硬い装甲に覆われた拳だ。その一撃は重いハンマーを叩きつけたも同然。シャドーマンは地面に叩き潰された蛙のように四肢を投げ出して倒れた。
うつ伏せに寝かされたシャドーマンを跨ぐように立ち、真下に銃口を向けるとジタバタと腕を動かしてどうにか脱出しようとするシャドーマンの胸の中心を撃った。
ここはゲームではない。
体力の残量を表わした数値など存在しないし、どれだけ攻撃を与えれば相手を倒せるなんて保障はない。だからこそこの世界での戦闘はある意味でより現実味を帯びている。相手を戦闘不能に追い込むには現実と同じくらいのダメージを与える必要があるというわけだ。

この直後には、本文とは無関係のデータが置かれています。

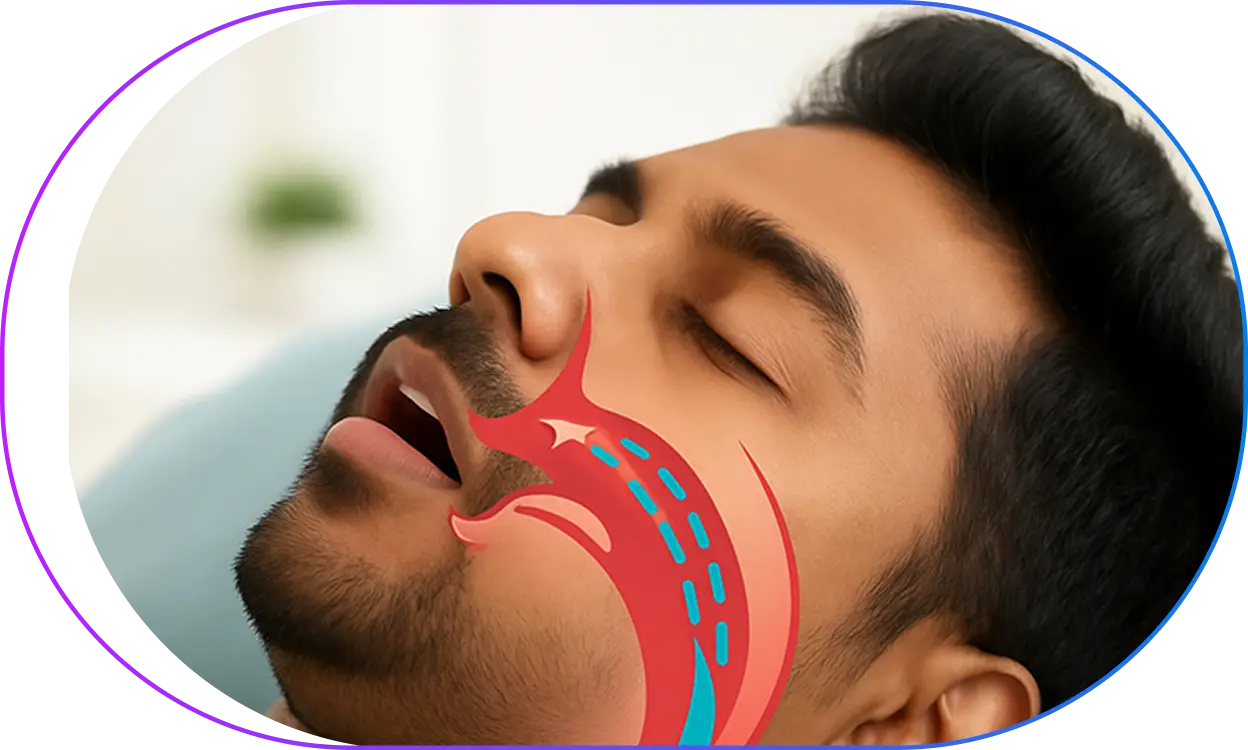 Sleep Apnea Treatment Sleep Apnea Treatment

しかし相手が動かなくなるまで攻撃を続けるということは常人にとっては限りなく大きいストレスとなってしまう。それを補うのが道具であり、進藤にとっては纏っているGM05という装備だ。それにただ相手にダメージを与える弾丸を撃ち出すのならばわざわざGM05Sなどという特殊な拳銃を用意する必要はない。それが持つ最大にして最高の利点は撃ち出す弾丸を切り替えることができること。
引き金を引く前にGM05Sの銃身に触れる。そうすることで切り替わる衝撃弾ならばシャドーマンの動きを封じることができるはず。

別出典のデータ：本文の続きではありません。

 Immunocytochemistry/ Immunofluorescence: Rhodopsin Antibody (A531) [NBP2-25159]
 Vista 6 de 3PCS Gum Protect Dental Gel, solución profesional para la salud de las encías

ダンッ、ダンッ、ダンッっと三発もの衝撃弾が撃ち込まれ、シャドーマンは全身を痙攣させつつ、この場から消えた。
「榊さん。向こうはどうなってますか?」
消えたシャドーマンを見送っていた進藤の手の中からGM05Sが消えた。
『大丈夫。たった今、確保の連絡が来ましたよ』
答えたのは三雲だ。
『現実の彼には大きなダメージもなく、意識もはっきりしているみたいです。まあ、しばらくは自分の意志で動けないと思いますが』
強制的な脱力。
鈍く残る全身の痛み。
一瞬の意識の混濁。
大きな問題にはなっていないが、これらが犯人確保後の調査と検査によって判明したローカルネット内で受けたダメージの現実へのフィードバック。
これが生命を危ぶませることは論外だが、対象の逃走を阻むという意味では成功だと感じる人がいるのも間違いないが、やはり不用意に傷つけるべきではないという意見も根強く残った最初の実戦だった。